▶ **Assignment**
Transcribe exactly the lines from the one holding "Floor Lamps Nordic" through the closing line of the entries below. Pictures stay out of the copy.

▶ **Data provided**
_ _ _

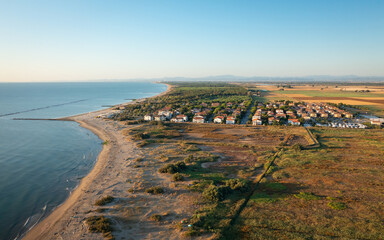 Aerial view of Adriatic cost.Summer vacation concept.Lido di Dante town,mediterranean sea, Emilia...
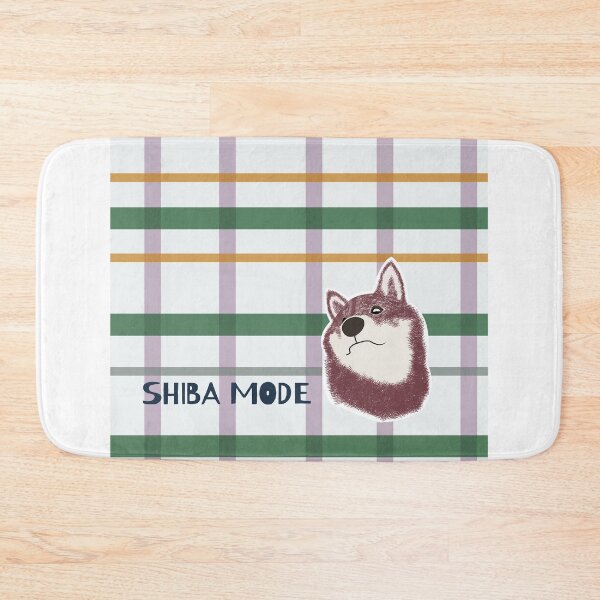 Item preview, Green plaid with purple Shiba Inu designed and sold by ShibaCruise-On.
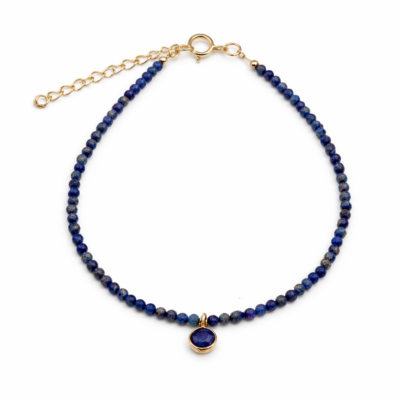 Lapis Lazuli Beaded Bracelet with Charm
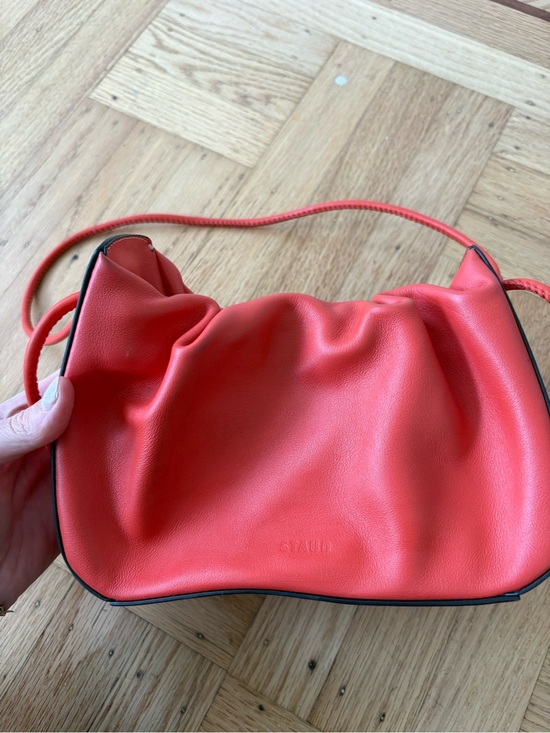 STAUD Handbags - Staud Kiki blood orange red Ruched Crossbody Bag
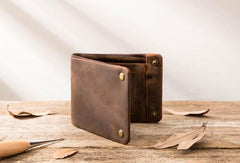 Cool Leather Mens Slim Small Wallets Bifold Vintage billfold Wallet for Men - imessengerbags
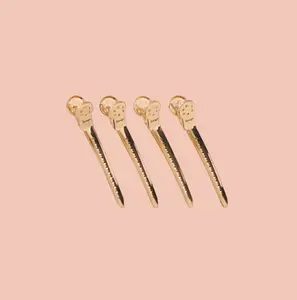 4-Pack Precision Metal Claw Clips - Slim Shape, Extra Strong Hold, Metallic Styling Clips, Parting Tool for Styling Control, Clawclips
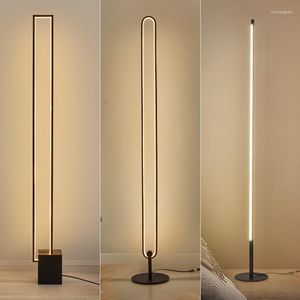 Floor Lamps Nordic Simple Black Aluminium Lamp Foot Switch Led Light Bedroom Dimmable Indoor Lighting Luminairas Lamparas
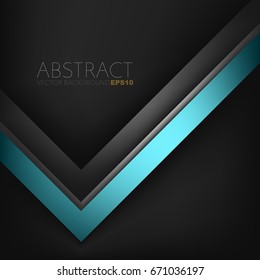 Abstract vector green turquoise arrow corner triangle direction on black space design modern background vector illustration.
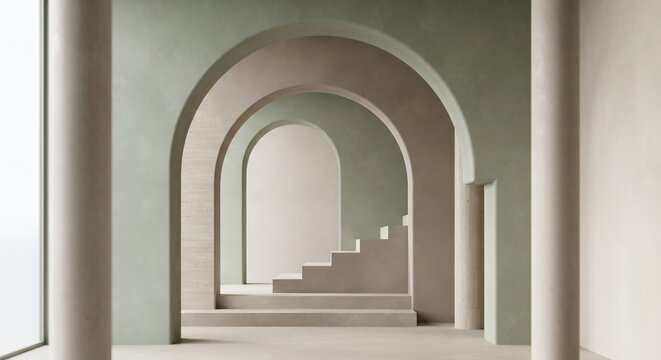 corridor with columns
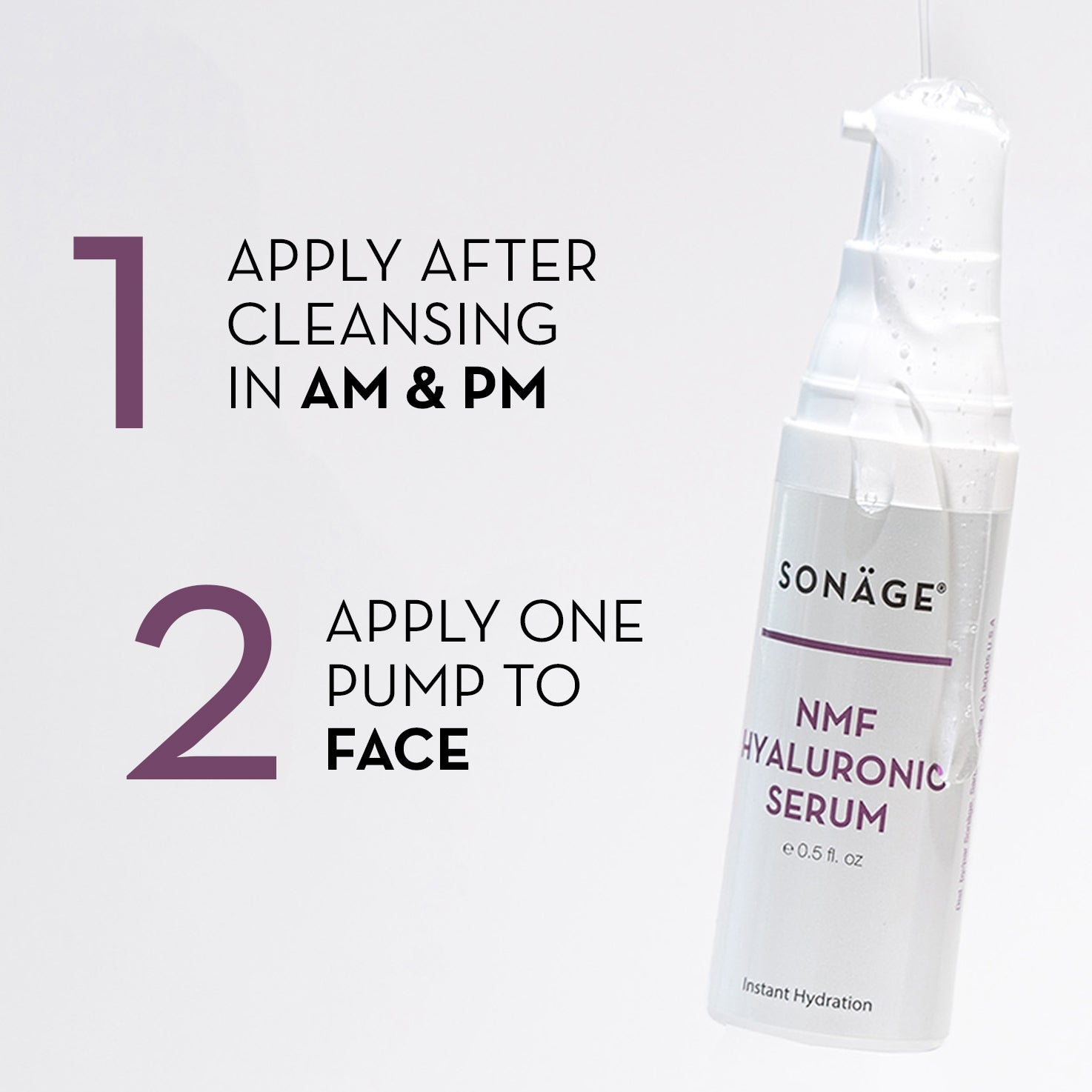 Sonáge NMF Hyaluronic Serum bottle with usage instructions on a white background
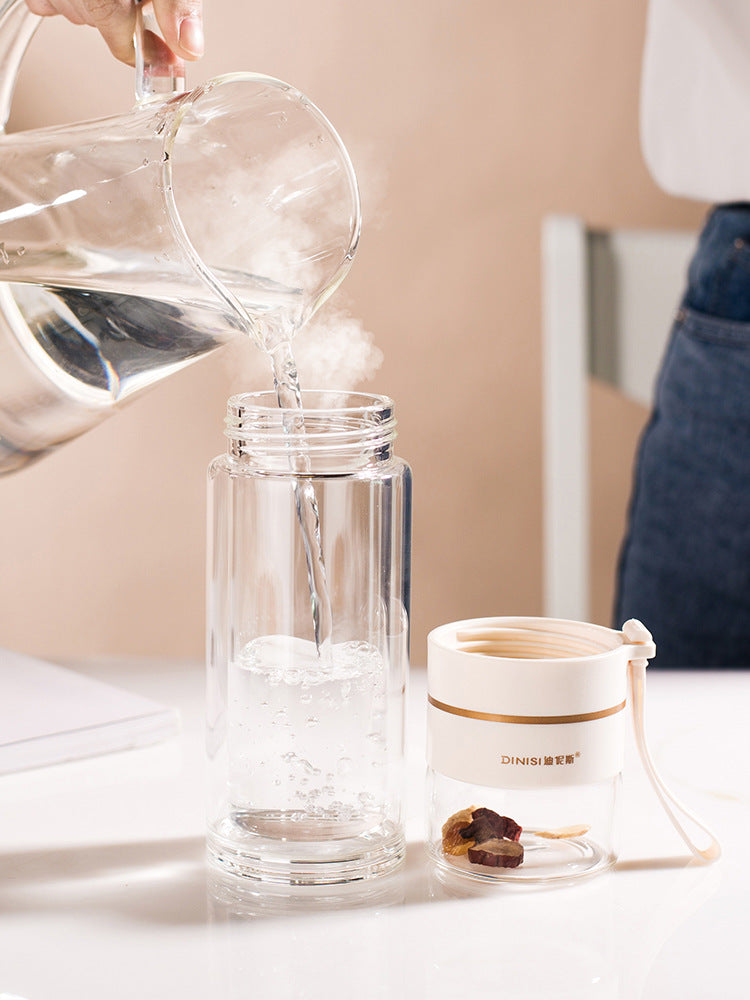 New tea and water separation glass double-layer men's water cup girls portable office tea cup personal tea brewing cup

_ _ _

▶ **Solution**
 Floor Lamps Nordic Simple Black Aluminium Lamp Foot Switch Led Light Bedroom Dimmable Indoor Lighting Luminairas Lamparas
 Abstract vector green turquoise arrow corner triangle direction on black space design modern background vector illustration.
 corridor with columns
 Sonáge NMF Hyaluronic Serum bottle with usage instructions on a white background
 New tea and water separation glass double-layer men's water cup girls portable office tea cup personal tea brewing cup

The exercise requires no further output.